We received quite a few correct solutions for this month's puzzle. In case it defeated you, the key was to look for symmetries in the information you are given, and to use similar triangles.

Part I

With $y$ and $z$ as in the diagram, $x=z+1$, so it is sufficient to find $z$. By similar triangles, $z:1$ as $1:y$, so $zy=1.$

By Pythagoras' Theorem, \begin{eqnarray*} (z+1)^2 + (y+1)^2 &= 16,\\ z^2 + 2z + 1 + y^2 +2y +1 &= 16,\\ (z+y)^2 - 2zy + 2z + 2y + 2 &= 16. \end{eqnarray*} But $zy=1$, so $$(z+y)^2 + 2(z + y) - 16 =0.$$ Solving this equation for $z+y$, and taking only the positive solution, yields $$z+y = \sqrt{17}-1.$$ Now we find $z-y$. $$ (z+y)^2 - (z-y)^2 = 4zy = 4,$$ \begin{eqnarray*} (z-y)^2 &=& (z+y)^2 - 4\\ &=& (\sqrt{17}-1)^2 - 4\\ &=&17 -2\sqrt{17} + 1 - 4\\ &=& 14 - 2\sqrt{17}. \end{eqnarray*} So $$z+y = \sqrt{14 - 2\sqrt{17}}$$ and \begin{eqnarray*} 2z &=& (z+y) - (z-y)\\ &=& (\sqrt{17}-1) - (\sqrt{14 - 2\sqrt{17}}) \\ &=& 5.52. \end{eqnarray*} Therefore $$x = z+1 = 2.76 + 1 = 3.76.$$

Part II

There are a number of approaches to this problem, but the one presented here follows from the observation that the information given is left-right symmetric - in other words, finding the two vertical heights will be equally easy (or hard!).

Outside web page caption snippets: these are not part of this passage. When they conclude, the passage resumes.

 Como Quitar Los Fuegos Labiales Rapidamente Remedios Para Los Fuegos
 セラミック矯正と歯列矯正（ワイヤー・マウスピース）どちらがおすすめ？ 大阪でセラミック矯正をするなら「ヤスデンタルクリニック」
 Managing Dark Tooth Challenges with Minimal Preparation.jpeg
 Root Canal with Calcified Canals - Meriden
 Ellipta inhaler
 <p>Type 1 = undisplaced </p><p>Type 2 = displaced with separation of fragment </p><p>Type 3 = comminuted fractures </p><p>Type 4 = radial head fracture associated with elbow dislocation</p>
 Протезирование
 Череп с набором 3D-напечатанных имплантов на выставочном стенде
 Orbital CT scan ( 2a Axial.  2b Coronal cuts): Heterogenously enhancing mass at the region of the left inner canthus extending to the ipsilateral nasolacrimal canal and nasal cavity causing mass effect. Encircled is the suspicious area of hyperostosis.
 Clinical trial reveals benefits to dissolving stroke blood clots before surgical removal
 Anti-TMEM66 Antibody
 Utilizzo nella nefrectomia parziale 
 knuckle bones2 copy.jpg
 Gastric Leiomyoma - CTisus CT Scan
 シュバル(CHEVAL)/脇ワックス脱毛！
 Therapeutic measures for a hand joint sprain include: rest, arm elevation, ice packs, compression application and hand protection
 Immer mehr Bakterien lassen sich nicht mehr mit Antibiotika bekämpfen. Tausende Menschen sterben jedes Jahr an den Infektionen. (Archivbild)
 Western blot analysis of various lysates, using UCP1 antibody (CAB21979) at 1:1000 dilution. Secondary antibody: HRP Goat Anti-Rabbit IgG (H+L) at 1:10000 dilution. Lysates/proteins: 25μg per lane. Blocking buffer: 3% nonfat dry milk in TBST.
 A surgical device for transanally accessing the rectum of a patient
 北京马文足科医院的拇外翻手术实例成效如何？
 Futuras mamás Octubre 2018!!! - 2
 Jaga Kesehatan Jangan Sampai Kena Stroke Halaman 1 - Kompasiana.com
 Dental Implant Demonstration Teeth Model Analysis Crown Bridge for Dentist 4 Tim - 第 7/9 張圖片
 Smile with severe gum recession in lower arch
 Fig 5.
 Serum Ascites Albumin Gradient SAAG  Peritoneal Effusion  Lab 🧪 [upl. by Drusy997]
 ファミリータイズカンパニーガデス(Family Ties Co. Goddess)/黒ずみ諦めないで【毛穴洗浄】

We will label these two heights $y$ and $z$, as in the diagram.
By similar triangles, and dividing $x$ up into two segments $c$ and $d$, we see that $y:x$ as $8:d$ and $z:x$ as $8:c$; therefore $$z = 8x/c \mbox{ and} y=8x/d.$$ Adding gives $y+z = 8x^2/cd$ and multiplying gives $yz = 64x^2/cd.$ Combining these two results gives \begin{eqnarray*} yz &=& 8(y+z);\\ (y+z)/yz &=& 1/8;\\ 1/z + 1/y &=& 1/8. \end{eqnarray*} Leaving this equation to one side for a moment, we can use Pythagoras' Theorem to find each of $y$ and $z$ in terms of our unknown $x$, as shown in the diagram above. Combining these two expressions gives that $z^2 - y^2 = 500$.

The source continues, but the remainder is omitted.